I eagerly read about Grace and Lotte’s relationship because I’m a stepmum to a 13 and 17 year old girl. I thought this was beautifully observed, with all the ups and downs of two women at either end of a battle with their hormones. There’s that underlying sadness, a sort of grief for the child who called out for her Mum, who let Mum play Sutherland her hair and would lie in an entwined heap on the sofa watching films. Grace aches to touch her daughter in the same way she did when she was a toddler, but now Lotte watches TV in her bedroom and shrugs off cuddles and intimacy of the physical or emotional life. Pulling away is the normal process of growing up and reminds me of the ABBA song ‘Slipping Through My Fingers’. In the film Mamma Mia, Meryl Streep plays Donna as she helps her daughter get ready for her wedding. In the cinema with my Mum I could see she was emotional and now with my own stepdaughters I can understand it. I just get used to them being a certain age and they’ve grown, with one going to university next year I’m going to be so proud of her, but I’m going to miss her terribly. There’s also a terrible fear, as Grace sees her daughter’s behaviour at school deteriorate and her truant days start to add up, she’s desperate to find out what’s wrong, but Lotte won’t talk. She’s torn between Lotte’s privacy and the need to find the problem and help her daughter, but some mistakes have to be made in order to learn. Grace might have to sit by and watch this mistake unfold and simply be there when it goes wrong. No doubt, she thinks, Grace is involved with a boy and it will pass, but the reality is so much worse.
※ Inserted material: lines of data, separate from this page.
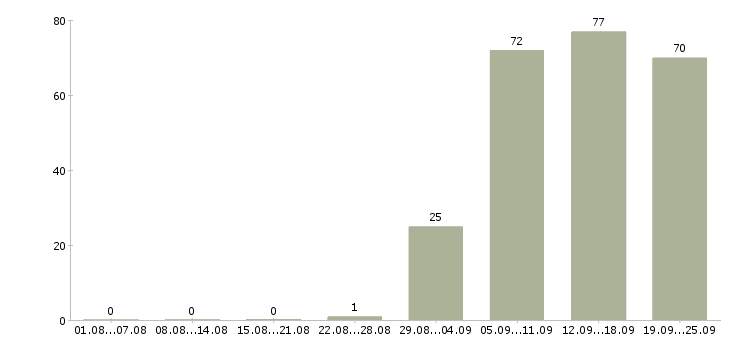 Работа комплектовщиков в Ижевске - Число вакансий в Ижевске по специальности комплектовщиков за 2 месяца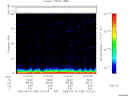 T2006109_21_75KHZ_WBB thumbnail Spectrogram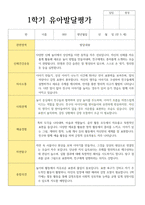 만 5세 20명 1학기와 2학기 유아발달평가-14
The truth when it comes is devastating, but feels weirdly like something you’ve known all along. Those interspersed chapters from happier times are a countdown to this moment, a before and after that runs like a fault line through everything that’s happened since. As Grace closes in on Lotte’s party, sweaty, dirty and brandishing her tiny squashed cake, it doesn’t seem enough to overturn everything that’s happened, but of course it isn’t about the cake. This is about everything Grace has done to be here, including the illegal bits. In a day that’s highlighted to Grace how much she has changed, physically and emotionally, her determination to get to Lotte has shown those who love her best that she is still the same kick-ass woman who threw caution to the wind and waded into the sea to save a man she didn’t know from drowning. That tiny glimpse of how amazing Grace Adams is, might just save everything.

Published by Michael Joseph 19th Jan 2023.